**Prompt:** Print exactly the lines from the one that contains "کہروڑپکا میں کمسن" through the last line of the material, both included, and leave out all pictures.

====== Stored data ======

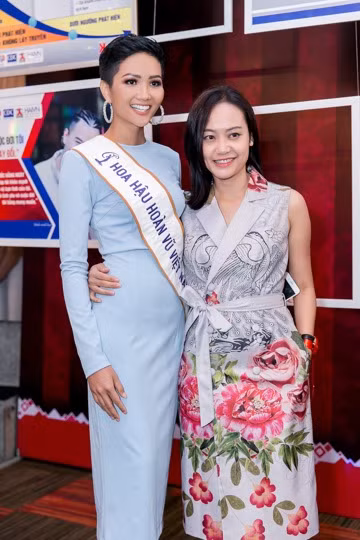 Hoa hậu cùng diễn viên Hồng Ánh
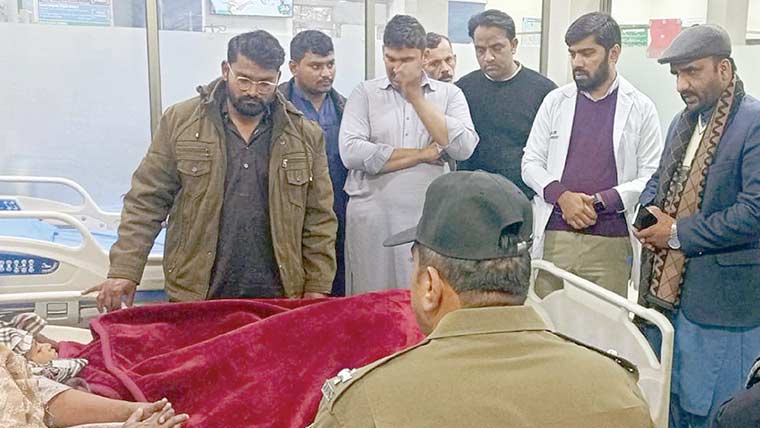 کہروڑپکا میں کمسن بچے پر کتے کا حملہ، حالت تشویش ناک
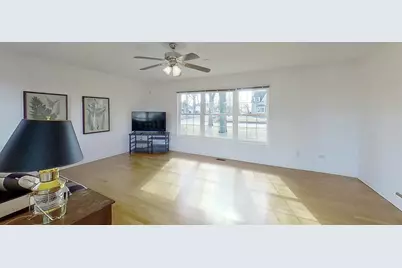 418 E Hillside Avenue, Barrington, IL 60010 - Photo 18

======

**Problem solution:**
 کہروڑپکا میں کمسن بچے پر کتے کا حملہ، حالت تشویش ناک
 418 E Hillside Avenue, Barrington, IL 60010 - Photo 18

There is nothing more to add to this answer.